Older restored building on Wellington Street in Hintonburg, photo urbantoronto.ca

In the afternoon I headed over to a neighbourhood closer to home to take in the walk/talk Escaping Urban Renewal – Hintonburg past, present and future, hosted by Linda Hoad and Paulette Dozois, co-chairs of the Hintonburg Community Association Heritage and Zoning Committees. Actually, we broke into two groups and I went on the tour led by Linda. I’m not a Downtowner/Uptowner at heart, so to me, Hintonburg is the more appealing neighbourhood. It’s a highly walkable neighbourhood with blue collar roots. Many earlier inhabitants worked at the trainyards and the Experimental Farm. It’s had a seedy history but is now considered a very desirable up and coming neighbourhood.

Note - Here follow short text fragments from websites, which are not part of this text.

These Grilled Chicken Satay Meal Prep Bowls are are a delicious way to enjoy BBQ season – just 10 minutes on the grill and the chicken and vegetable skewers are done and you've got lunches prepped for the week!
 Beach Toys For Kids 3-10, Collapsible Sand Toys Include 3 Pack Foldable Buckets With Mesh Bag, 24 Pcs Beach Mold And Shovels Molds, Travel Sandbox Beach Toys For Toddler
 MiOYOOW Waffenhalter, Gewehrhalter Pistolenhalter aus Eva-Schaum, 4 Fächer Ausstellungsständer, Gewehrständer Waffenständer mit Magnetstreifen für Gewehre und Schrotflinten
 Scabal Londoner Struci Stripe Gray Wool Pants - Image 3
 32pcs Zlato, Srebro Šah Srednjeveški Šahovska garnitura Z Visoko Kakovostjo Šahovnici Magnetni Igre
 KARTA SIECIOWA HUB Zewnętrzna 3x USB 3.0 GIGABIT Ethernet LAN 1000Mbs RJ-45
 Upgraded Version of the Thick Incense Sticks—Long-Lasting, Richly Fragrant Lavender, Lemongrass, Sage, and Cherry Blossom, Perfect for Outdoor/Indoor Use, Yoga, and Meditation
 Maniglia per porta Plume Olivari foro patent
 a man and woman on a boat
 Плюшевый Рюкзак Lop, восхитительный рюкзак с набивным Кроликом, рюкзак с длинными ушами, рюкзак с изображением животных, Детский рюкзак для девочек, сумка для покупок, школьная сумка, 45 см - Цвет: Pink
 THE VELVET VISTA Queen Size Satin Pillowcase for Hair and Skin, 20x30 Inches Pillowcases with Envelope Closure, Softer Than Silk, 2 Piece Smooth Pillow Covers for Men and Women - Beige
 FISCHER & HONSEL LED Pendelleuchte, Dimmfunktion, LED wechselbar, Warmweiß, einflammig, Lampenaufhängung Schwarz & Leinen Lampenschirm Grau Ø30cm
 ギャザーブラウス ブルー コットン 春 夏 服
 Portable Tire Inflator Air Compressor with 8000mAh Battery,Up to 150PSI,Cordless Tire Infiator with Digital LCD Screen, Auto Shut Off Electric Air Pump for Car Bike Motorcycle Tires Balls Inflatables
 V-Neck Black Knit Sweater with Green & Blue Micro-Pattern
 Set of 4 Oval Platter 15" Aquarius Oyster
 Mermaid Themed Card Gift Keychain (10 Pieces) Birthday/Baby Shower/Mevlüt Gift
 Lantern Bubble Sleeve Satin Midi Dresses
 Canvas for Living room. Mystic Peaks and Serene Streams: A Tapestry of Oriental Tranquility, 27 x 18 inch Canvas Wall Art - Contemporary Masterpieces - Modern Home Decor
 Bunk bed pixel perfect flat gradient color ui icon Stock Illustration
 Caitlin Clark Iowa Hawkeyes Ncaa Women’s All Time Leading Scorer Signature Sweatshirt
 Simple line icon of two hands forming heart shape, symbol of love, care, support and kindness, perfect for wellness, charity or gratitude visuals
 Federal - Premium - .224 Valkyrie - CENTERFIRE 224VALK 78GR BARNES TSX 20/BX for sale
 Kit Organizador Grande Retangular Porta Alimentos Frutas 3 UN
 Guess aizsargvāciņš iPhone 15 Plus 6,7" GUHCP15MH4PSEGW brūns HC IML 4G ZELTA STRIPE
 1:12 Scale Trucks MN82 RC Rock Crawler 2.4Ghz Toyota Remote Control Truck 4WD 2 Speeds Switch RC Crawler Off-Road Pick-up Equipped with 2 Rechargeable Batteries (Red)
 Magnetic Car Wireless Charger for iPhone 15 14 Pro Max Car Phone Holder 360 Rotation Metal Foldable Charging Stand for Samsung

The walk noted a few older buildings, such as Bethany Hope House and Richmond Lodge, however, many of the lots, particularly north of Wellington are small with little yard space. Apparently, you built onto your house as you could. These are mostly clapboard construction while south of Wellington the houses are brick. The residential redevelopment is quite interesting and features a “boxcar” style of housing. The neighbourhood has a walled park,  complete with a new sundial and hosts outdoor theatre in the summer. The Wellington Street West area is home to many different businesses, including an arts district, and both walks pointed out examples of early work/live architecture – buildings where people ran a commercial establishment on the ground floor and lived above.

Thanks Chris and Linda. Jane’s Walks are a great way to learn about and explore neighbourhoods. Chris mentioned a website where you can check how walkable a neighbourhood is. It can be a bit off, for example, Uptown Rideau scored a 95 and cited a school but the school is a driving school. I like this tool though – my current address ranks a 68 and the place I grew up ranks a 97. How does your neighbourhood rate?